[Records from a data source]
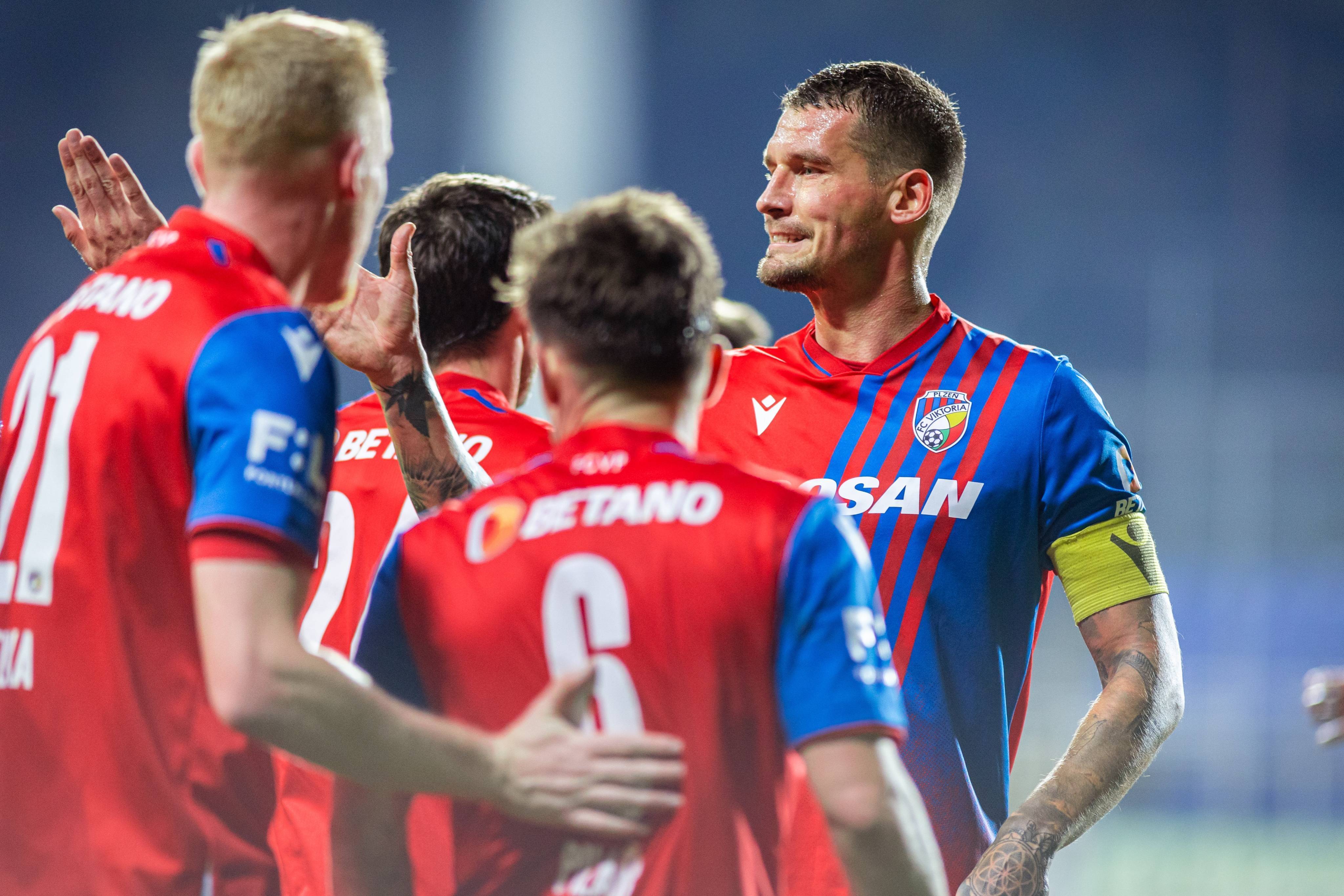 包含那不勒斯迎欧冠关键赛，赛后篮板制胜，引发热议，球队文化再被提及的词条-爱游戏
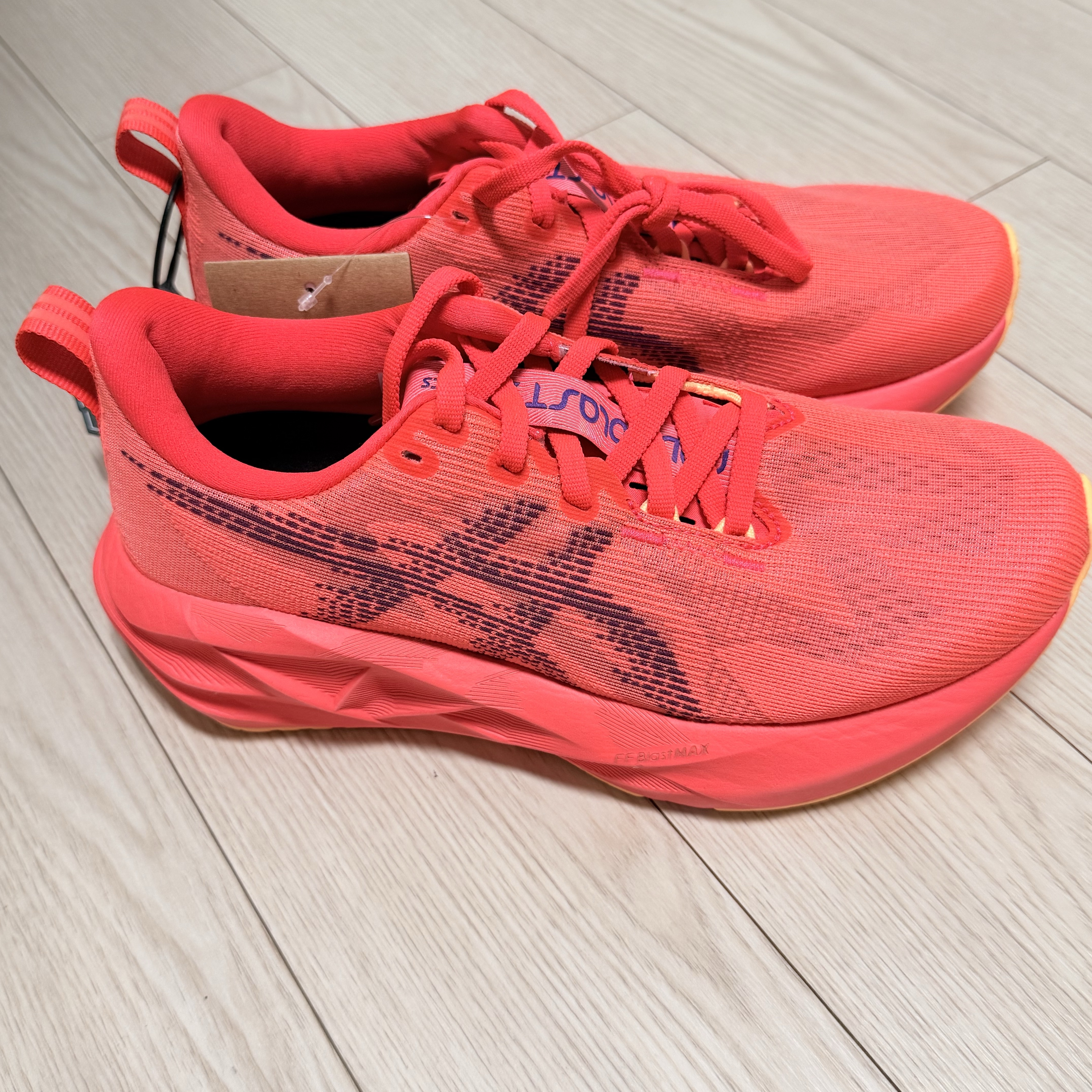 (W) Asics Novablast 5 Flash Red Edo Purple 착용 스타일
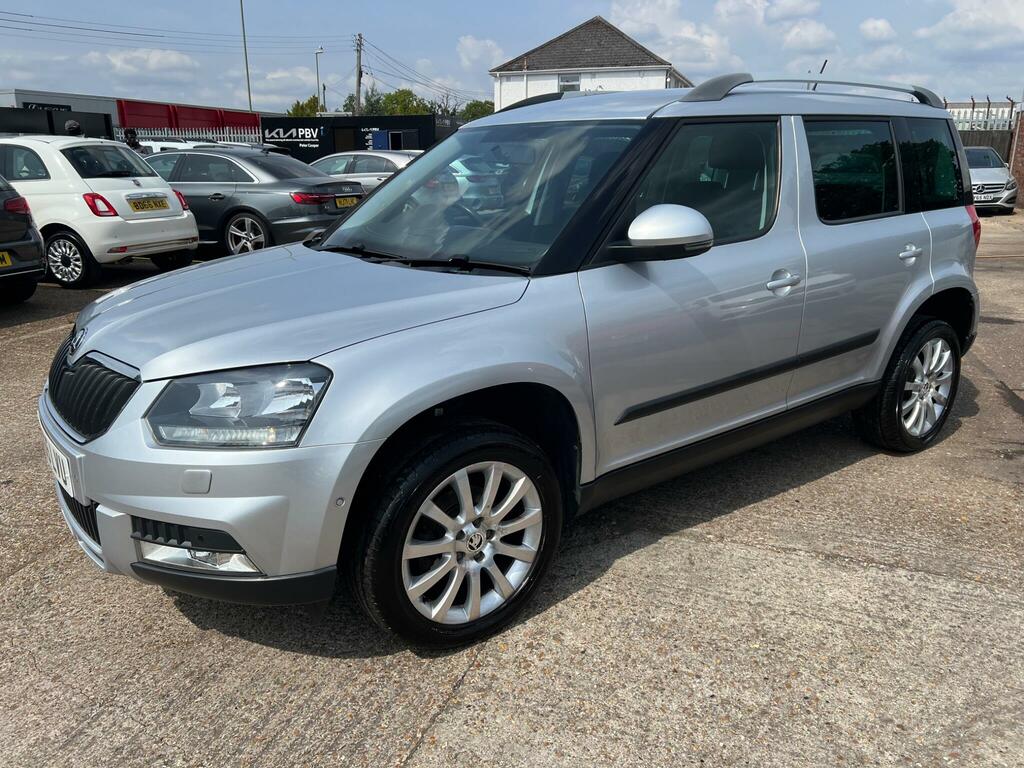 Skoda Yeti 1.2 Tsi Se Outdoor Dsg Euro 6 Ss Silver #3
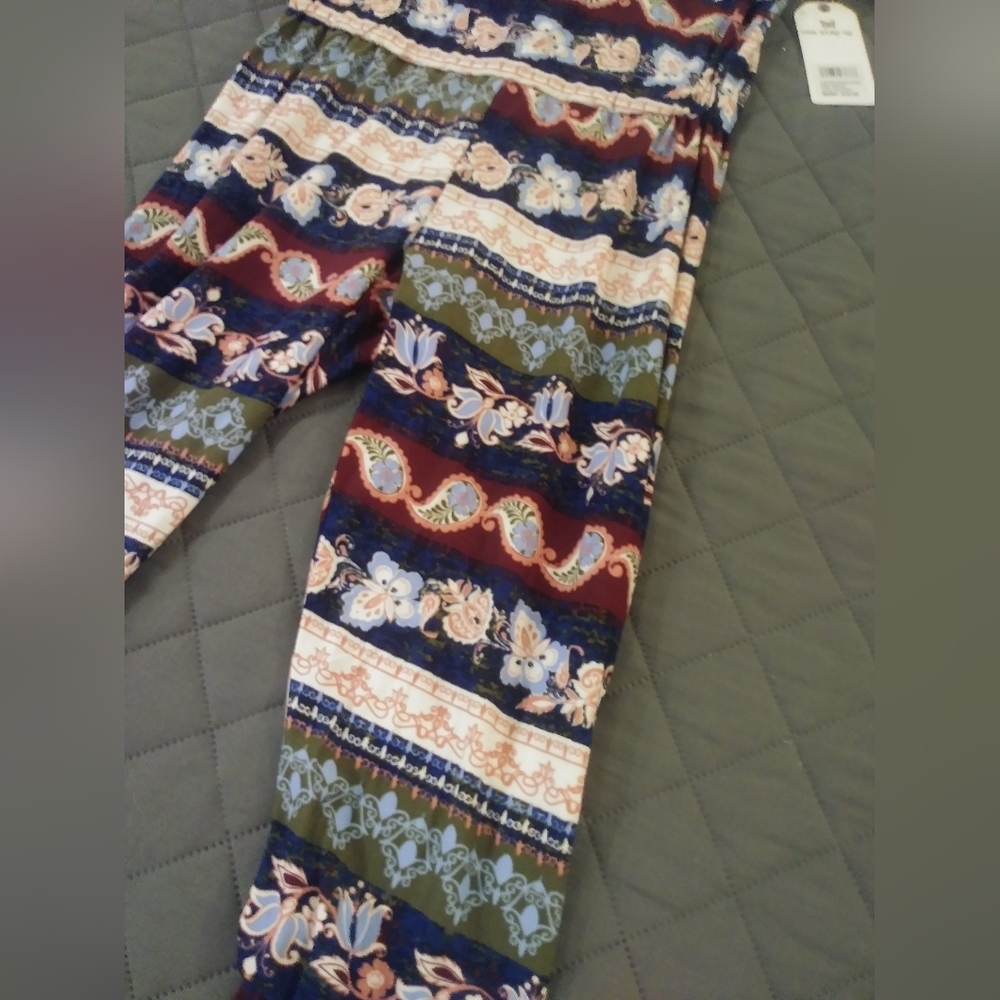 Colorful Patterned Jumpsuit - Picture 4 of 8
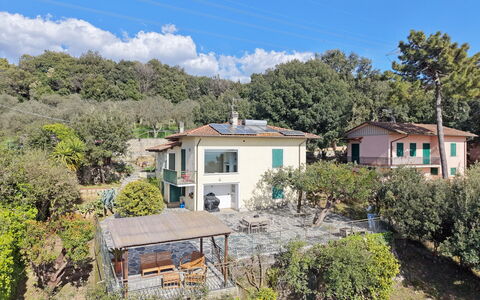 Villa Il Giardino: Residential Area, Shrub, Rural Area, Home, Cottage, Suburb, Estate, Village, Balcony, Mountain Village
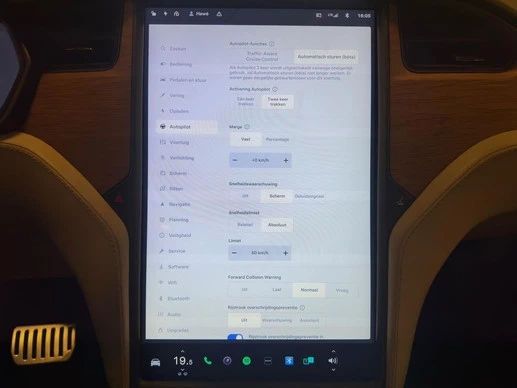 Tesla Model X - Afbeelding 15 van 30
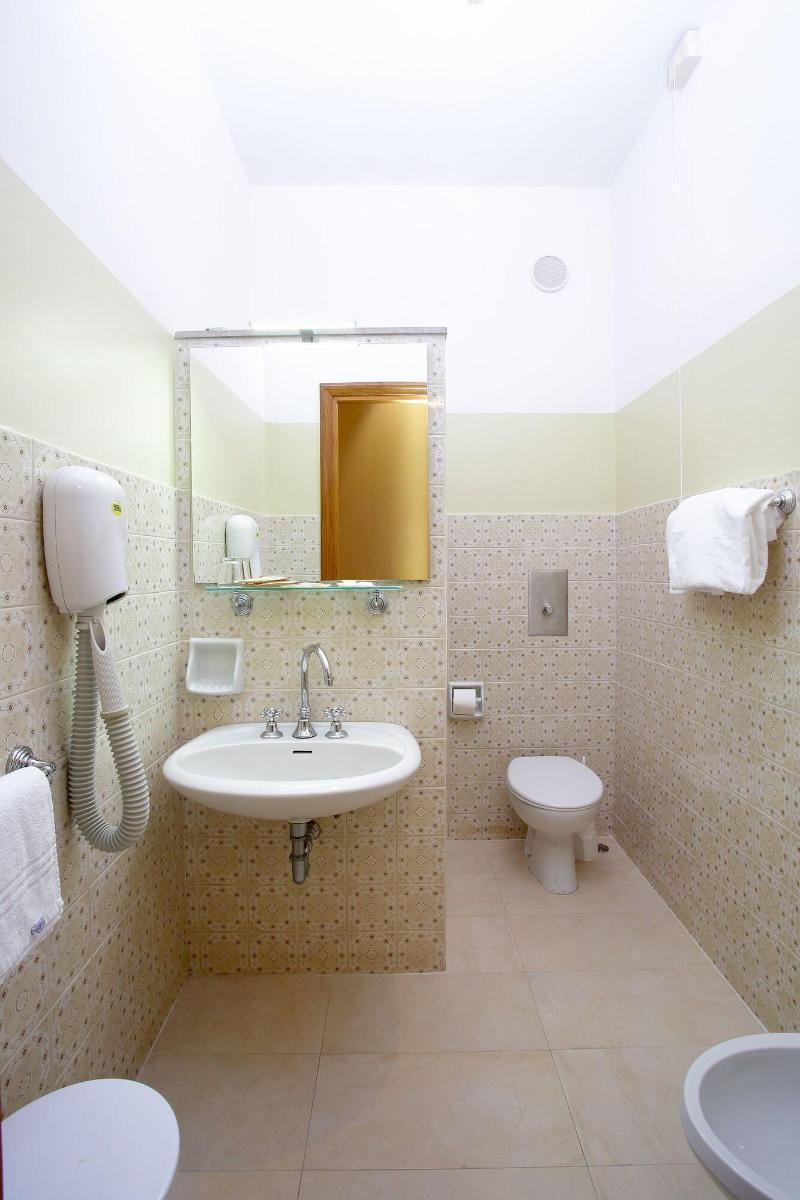 Hotel President Alba Adriatica Esterno foto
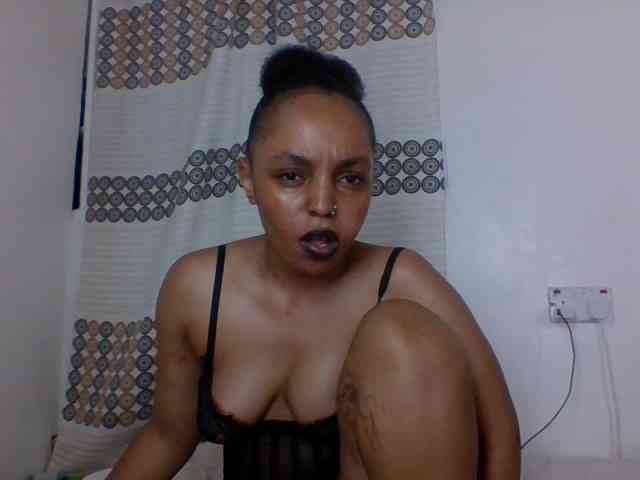 Candy011 webcam
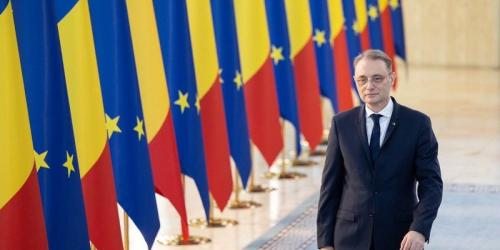 Răspunsul ambiguu al premierului Luca Niculescu privind introducerea de noi taxe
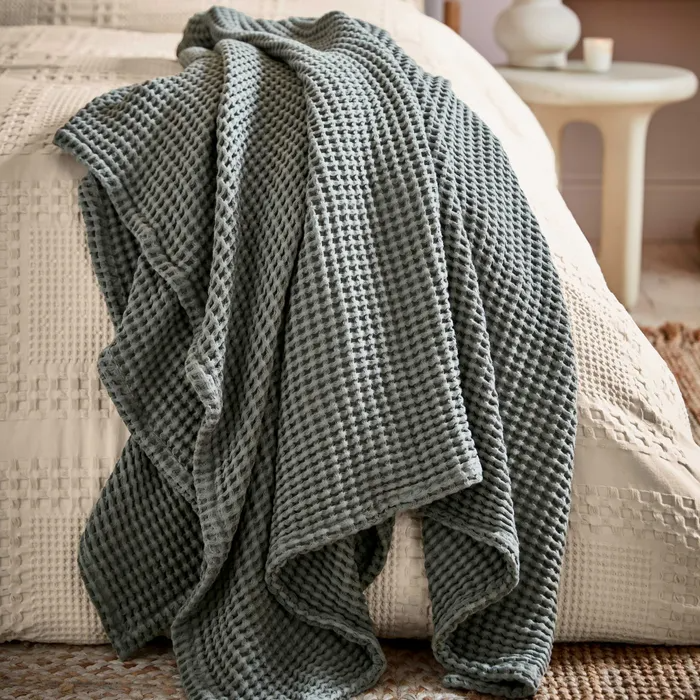 ABIGAIL AHERN x MURMUR TESS WAFFLE CHARCOAL THROW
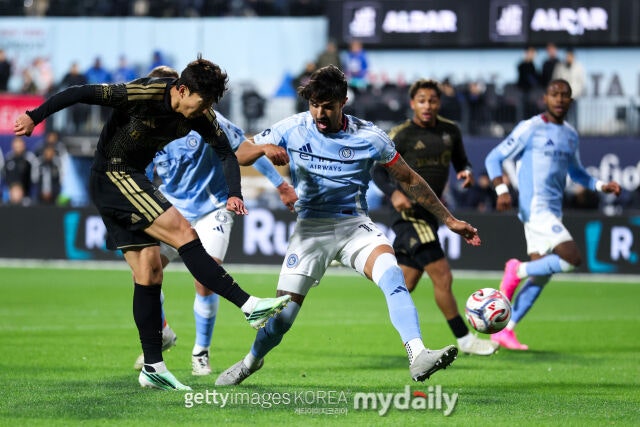 LAFC의 손흥민이 뉴욕시티와의 2026시즌 MLS 경기에서 슈팅을 하고 있다./게티이미지코리아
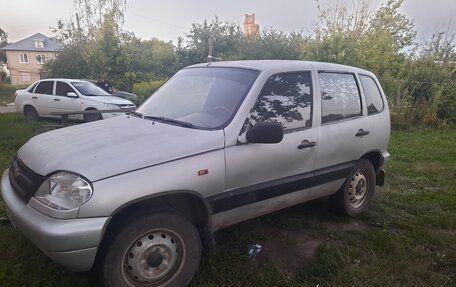 Chevrolet Niva I рестайлинг, 2005 год, 200 000 рублей, 3 фотография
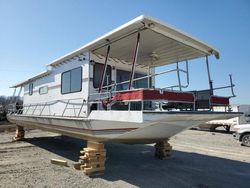 Salvage boats for sale at Lawrenceburg, KY auction: 1983 Other Boat Boat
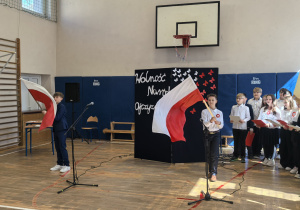 Uczniowie występujący w czasie apelu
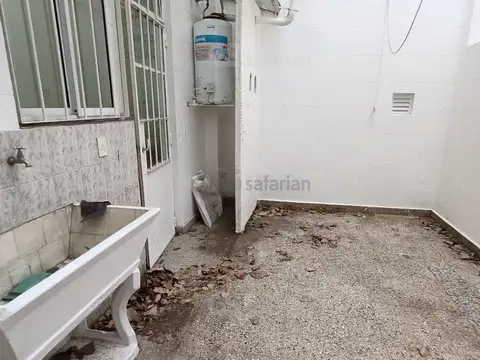 Depto Tipo Casa 2 ambientes con 1 baño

### WHAT NEEDS TO BE DONE
The answer must reproduce every line of the records above exactly, with all pictures left out.

### EXERCISE OUTPUT
 包含那不勒斯迎欧冠关键赛，赛后篮板制胜，引发热议，球队文化再被提及的词条-爱游戏
 (W) Asics Novablast 5 Flash Red Edo Purple 착용 스타일
 Skoda Yeti 1.2 Tsi Se Outdoor Dsg Euro 6 Ss Silver #3
 Colorful Patterned Jumpsuit - Picture 4 of 8
 Villa Il Giardino: Residential Area, Shrub, Rural Area, Home, Cottage, Suburb, Estate, Village, Balcony, Mountain Village
 Tesla Model X - Afbeelding 15 van 30
 Hotel President Alba Adriatica Esterno foto
 Candy011 webcam
 Răspunsul ambiguu al premierului Luca Niculescu privind introducerea de noi taxe
 ABIGAIL AHERN x MURMUR TESS WAFFLE CHARCOAL THROW
 LAFC의 손흥민이 뉴욕시티와의 2026시즌 MLS 경기에서 슈팅을 하고 있다./게티이미지코리아
 Chevrolet Niva I рестайлинг, 2005 год, 200 000 рублей, 3 фотография
 Salvage boats for sale at Lawrenceburg, KY auction: 1983 Other Boat Boat
 Uczniowie występujący w czasie apelu
 Depto Tipo Casa 2 ambientes con 1 baño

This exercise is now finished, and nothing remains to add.